-------- Data excerpts --------

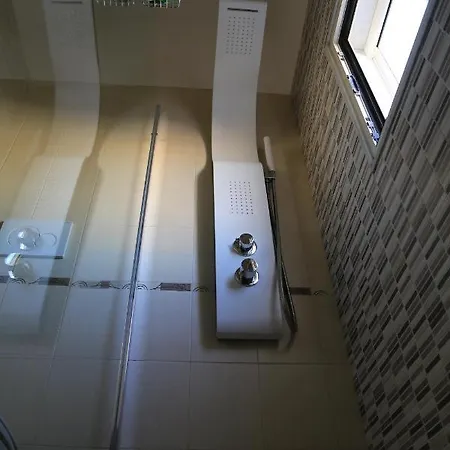 Sea View Apartment *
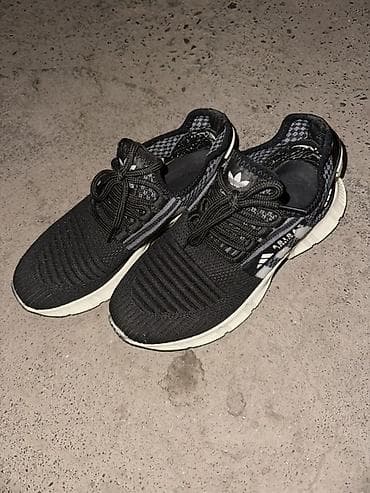 мужские: Кроссовки спортивные Adidas Покупала за 3000 сом 2 раза одевала — 3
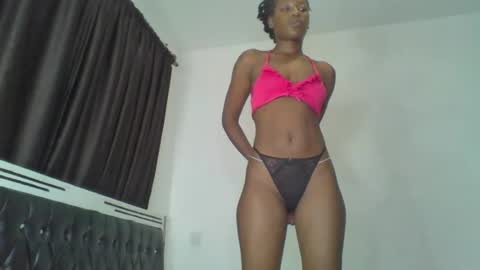 hottie_mistie online show from 07-09-26, 07:18
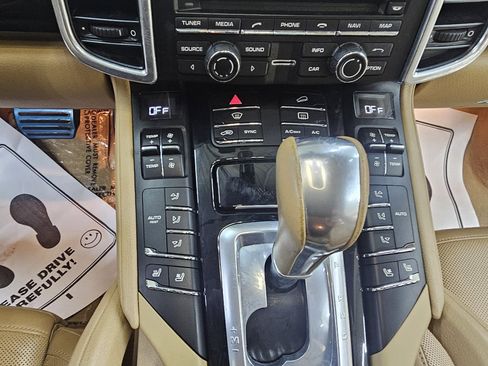 Used 2014 Porsche Cayenne S w/ Comfort Plus Package image 33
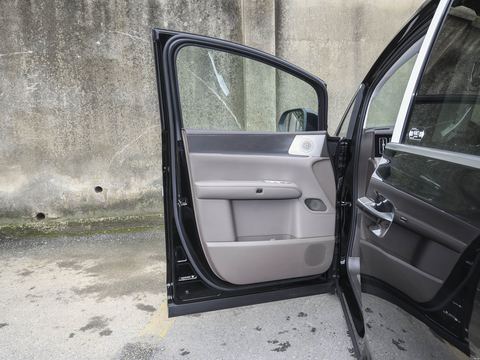Denza Teng ShiD9 — China electric EV for export — photo 11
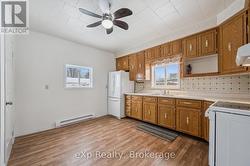 Kitchen eating area -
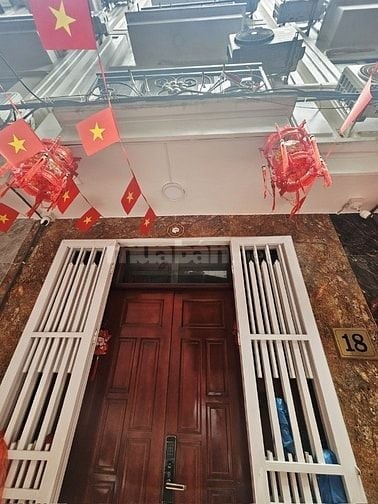 Bán nhà phố Minh Khai, Dt 45m2, 5t, mt 4m, mới đẹp ở ngay.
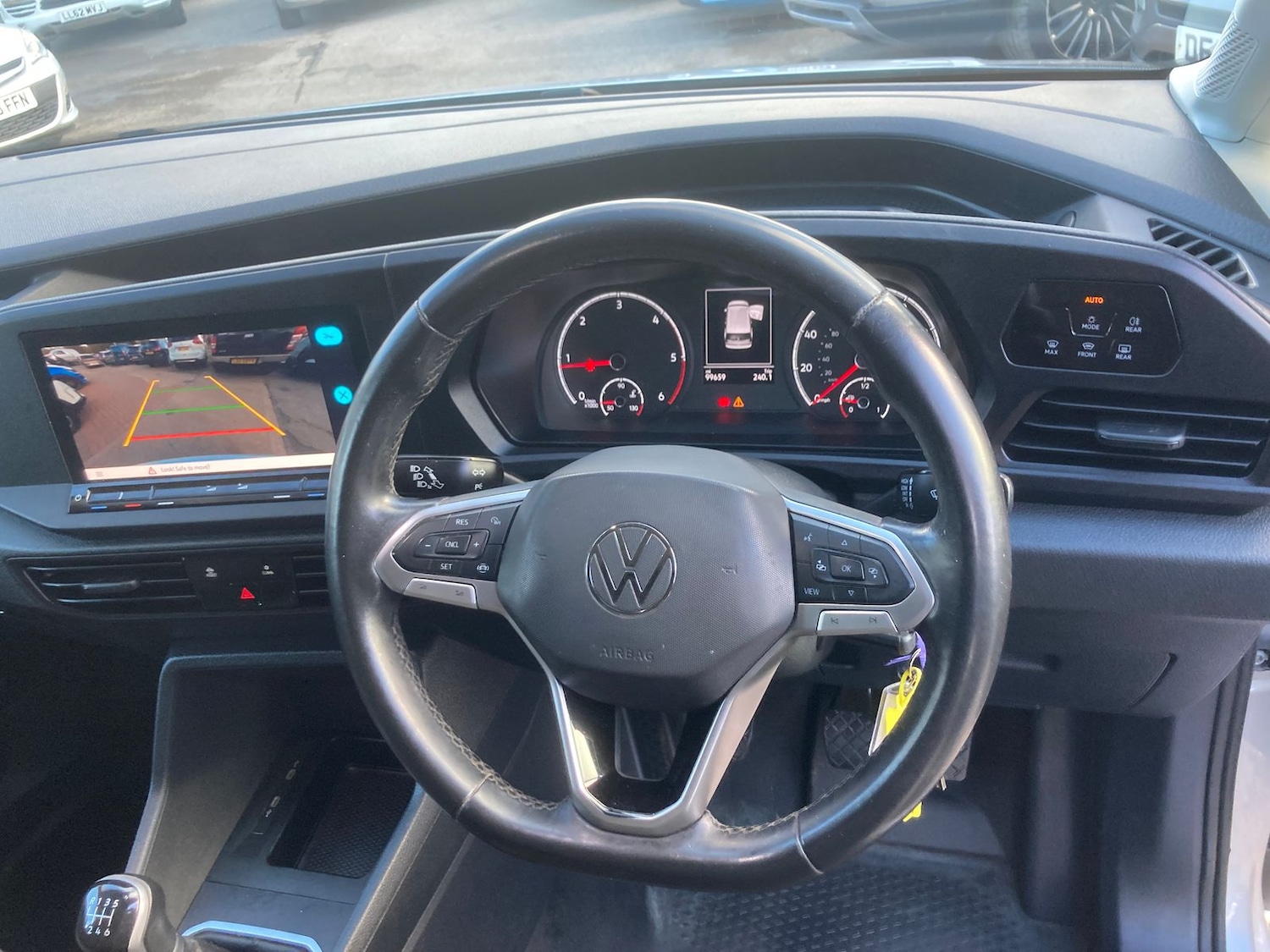Used Volkswagen Caddy 2022 for sale - 76372610: Photo 15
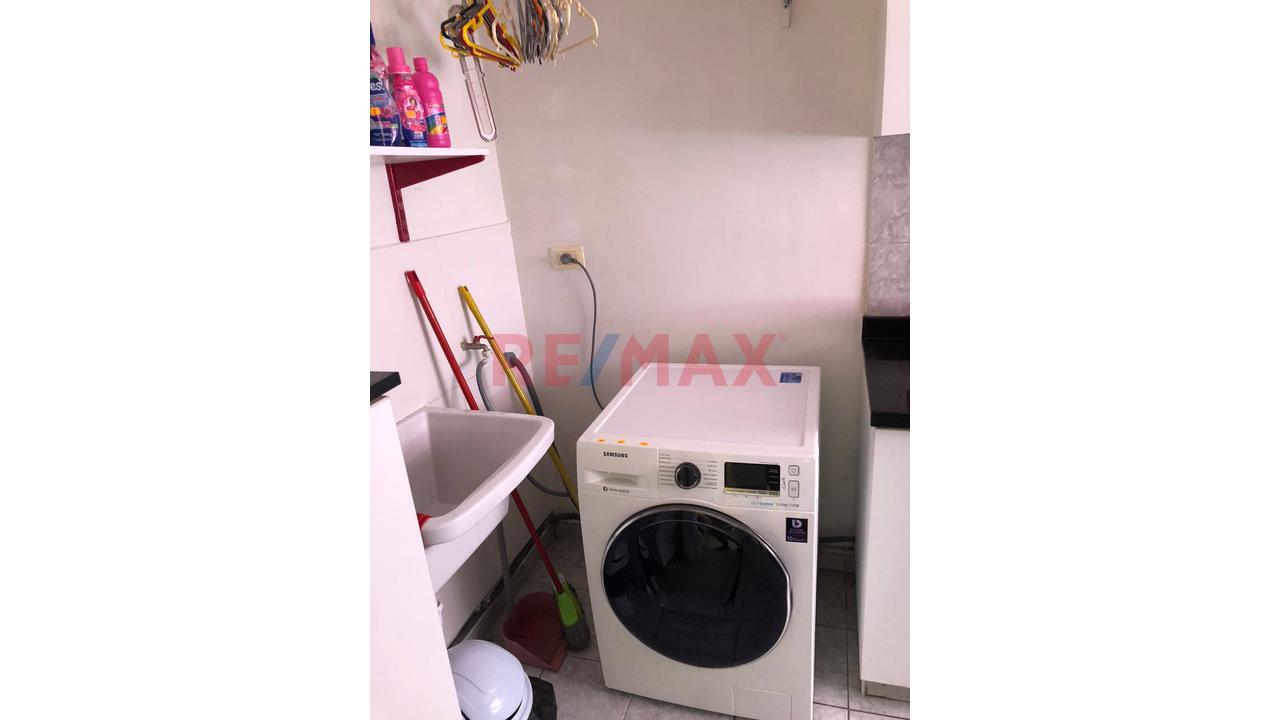 Alquiler Dpto Amoblado En 3Er Piso Vista Exterior 72 M2 En San Miguel — foto 8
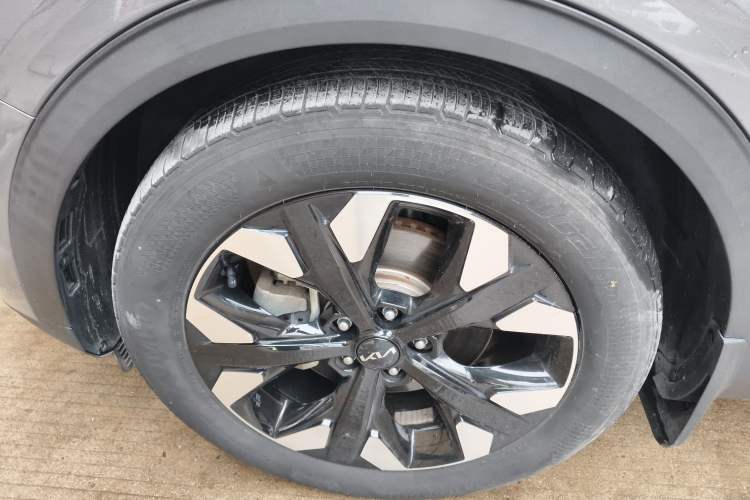 Used Kia Sportage (Chinese Domestic Model) 2023 2.0T Two-Wheel-Drive Prestige Edition
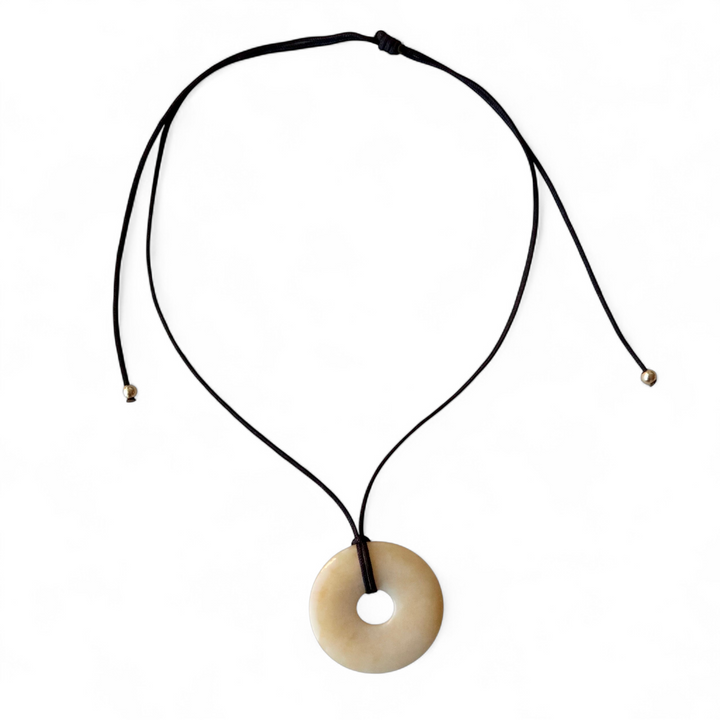 BUTTER PENDANT NECKLACE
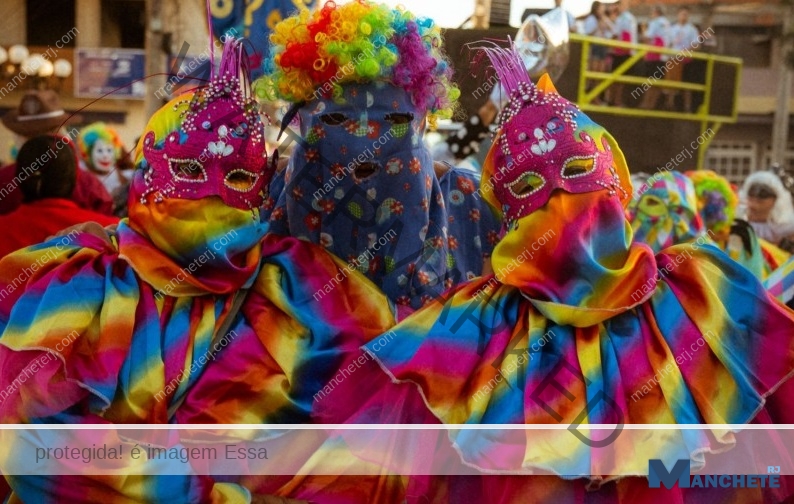 Último dia de folia com muitas atrações na região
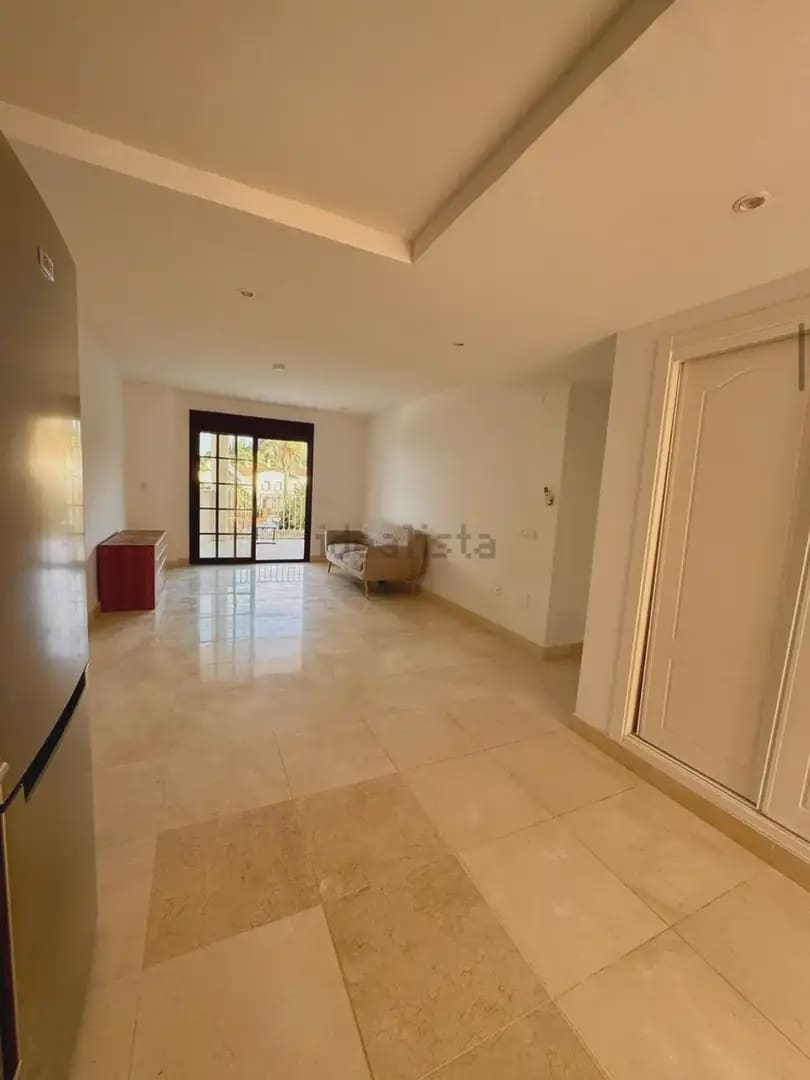 2 makuuhuone Ranta-asunto myytävänä paikassa Benalmadena mukana uima-altaan 
autotalli - 425 000 € (Ref: 9634974)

--------

# Task prompt:
Give again the lines from the line that contains "Denza Teng ShiD9" through the last line of the material above, exactly and with both ends included. Omit the pictures.

# Output of the exercise:
Denza Teng ShiD9 — China electric EV for export — photo 11
 Kitchen eating area -
 Bán nhà phố Minh Khai, Dt 45m2, 5t, mt 4m, mới đẹp ở ngay.
Used Volkswagen Caddy 2022 for sale - 76372610: Photo 15
 Alquiler Dpto Amoblado En 3Er Piso Vista Exterior 72 M2 En San Miguel — foto 8
 Used Kia Sportage (Chinese Domestic Model) 2023 2.0T Two-Wheel-Drive Prestige Edition
 BUTTER PENDANT NECKLACE
 Último dia de folia com muitas atrações na região
 2 makuuhuone Ranta-asunto myytävänä paikassa Benalmadena mukana uima-altaan 
autotalli - 425 000 € (Ref: 9634974)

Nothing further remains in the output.